Joe Sayers in action in what proved to be his final Yorkshire season  •  Getty Images

Joe Sayers, once tipped as a future Yorkshire captain, has called time on a frustrating career once full of promise by announcing his retirement from first-class cricket
Sayers had a prolonged absence from the Yorkshire side in 2010 because of post-viral fatigue syndrome and, although he returned, he made only 222 runs in 10 LV= Championship matches in the last two seasons, averaging only 15.85.
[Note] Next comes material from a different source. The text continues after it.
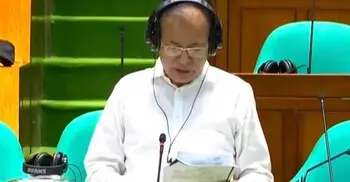 বজ্রপাতে প্রাণহানি কমাতে তালগাছ রোপণসহ একাধিক উদ্যোগ দিয়েছে সরকার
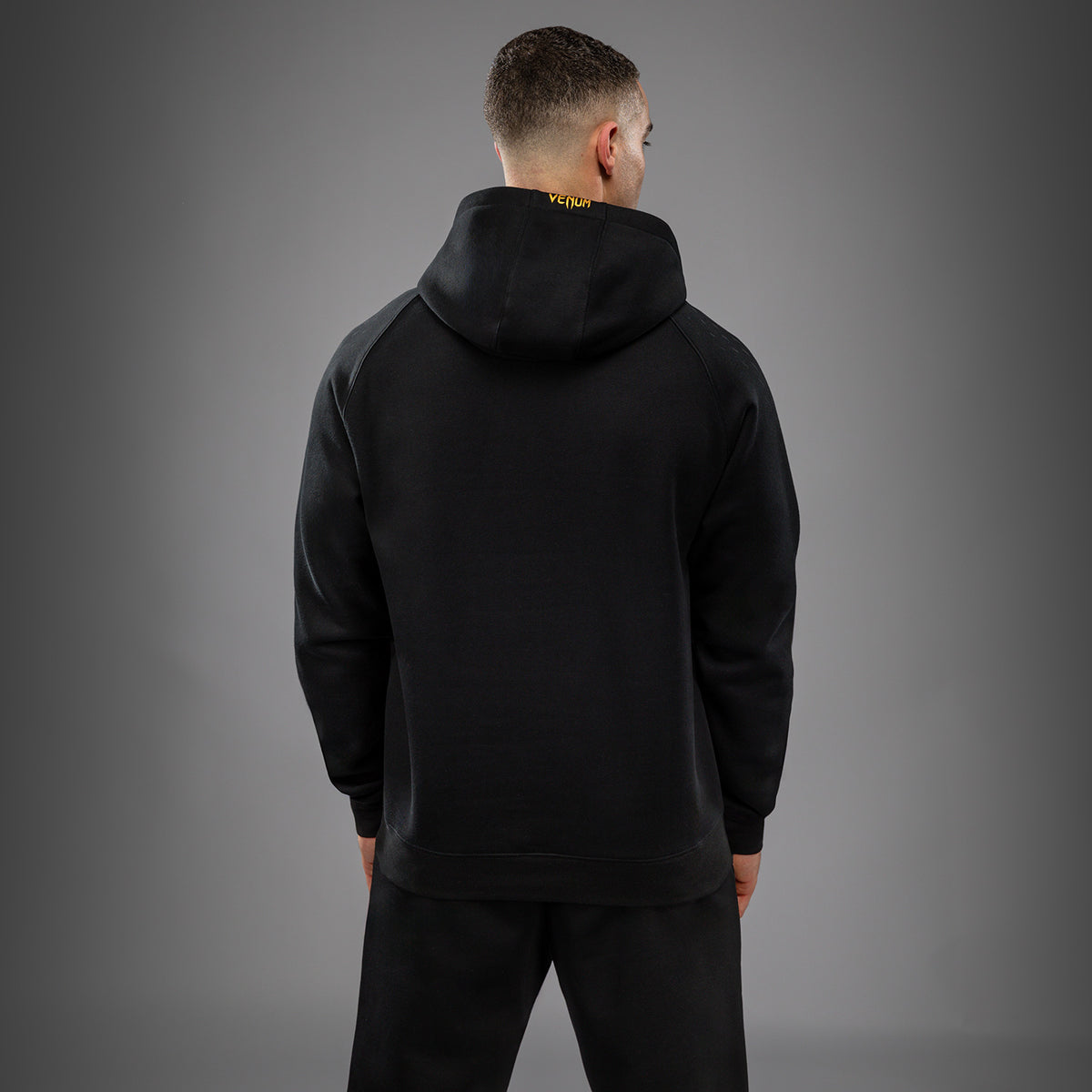 Sweat à capuche Homme UFC Zenith by Venum Replica - Champion - product-type_Sweatshirts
With Sayers' retirement, county cricket has lost one of its most redoubtable defensive batsmen. He made 11 first-class hundreds, nine for Yorkshire, with a first-class strike rate of only 37 runs per hundred balls that often salvaged an innings but rarely quickened the pulse.
He also had the distinction of being one of only seven Yorkshire cricketers to have carried his bat through a completed innings more than once.
Sayers, 30, a former pupil at St Mary's School in Menston, first revealed his leadership qualities to a wider audience when he captained England U-14 against India. He led Oxford University in 2003, where he gained a degree in physics. He was also on the books at Bradford City as a goalkeeper before he chose to follow a cricketing career.
The 2009 summer was the most successful of his career, with him scoring 1,150 runs from 17 first-class matches. It was enough for England to take a closer look.
He played for England Lions against Australia in August 2009 and subsequently toured South Africa with an England Performance Programme squad, but he suffered a bout of gastro-enteritis in Pretoria and his illness problems began.